It’s taken me forty-four years to get here.
I’ve searched half the world for this feeling.
And I know, of course, that it is fleeting.
I don’t have a Zen master, a guru, or even,
really, a religion.
But neither did Tu Fu, Basho, Musashi Miyamoto, and countless other poets and wanderers who made their way through hills and
valleys, over mountains and rivers, to seek solace. They didn’t have to sit in a meditation hall and stare at a wall
to look inside.
They just looked around and paid attention to what was near them. Their teachers were the mountains, rivers, rocks, and
trees. Their
parents were Mother Earth, Father Sky. Then they woke up. Or should I say, were
awakened. I’m
waiting for my epiphany. I’ve
found ten thousand other ways to be a mother, but I’m
still waiting for a child.
Elegy
I have a friend who took his three-year-old boy up to the mountains in the
Japanese countryside. The boy ran ahead excitedly, as little boys will do.

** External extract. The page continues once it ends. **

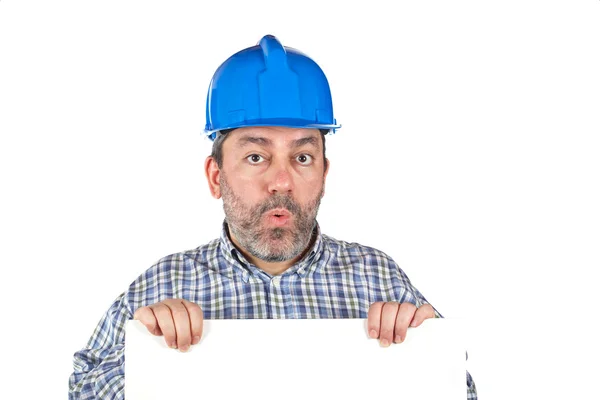 Trabalhador da construção surpreendido e curioso — Fotografia de Stock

There was a wooden footbridge. It hung over a steep ravine, a hundred feet deep. The boy ran ahead onto the footbridge. The
footbridge was made of planks of old wood. Not many people walked in the
mountains anymore. There were gaps in the planks. Big gaps.
The father watched.
Every year on the date the boy died, my friend posts a memorial picture of
his son on his blog. The boy playing a drum set. Standing in front of a samurai
helmet. Smiling for the camera. Making the peace sign with both hands. No words, no commentary. Only his son’s picture and the word “elegy.”
To remember. To honor.
Life is not safe. I know that.
Nothing is certain. Things we hope for, dream about, come or don’t
come, and then are gone.
I meet with my friend often. In our own
ways we both mourn the children we do not have. Somehow we have been drawn together
in this strange world to mirror each other’s pain. To give each other comfort and hope. We will move on, our mutual presence seems to
say. We give each other that.
Heartlines
My husband is chonan. In Japan, this
is a serious business. Chonan
means the oldest son
and heir to the family name and whatever fortune the
family has
acquired. While we’d been “away”
in the paradise of Northern California for ten years, his younger sister had been doing the
dad’s cooking and laundry.
But his sister, now in her thirties, wanted to start her own
life—open her own business, move on. We couldn’t ask her to take care of the dad forever. It was
Shogo’s turn—our turn.
I hadn’t wanted to go back to Tokyo, the busy life, the
pollution, the stress. But I loved my husband, and wanted to be with him. And I
knew that a good marriage was based on compromise, even sacrifice. After all, the root of the word
sacrifice is sacred. In the highest sense, to
sacrifice is to
do something completely for someone else, with no personal gain. As
an independent American woman, that took some getting used to.
And
it was time to start a family.
I’d gone about trying to have a child the way I’d gone about everything else in my life: one part perseverance, one part “trusting the process.” And I thought, as many do, that “if it’s meant to be, it will be.” I had a full, fantastic life and no
regrets. But after eight years, I did something I’d never done before in quite the
same way. I got down on
my knees and prayed.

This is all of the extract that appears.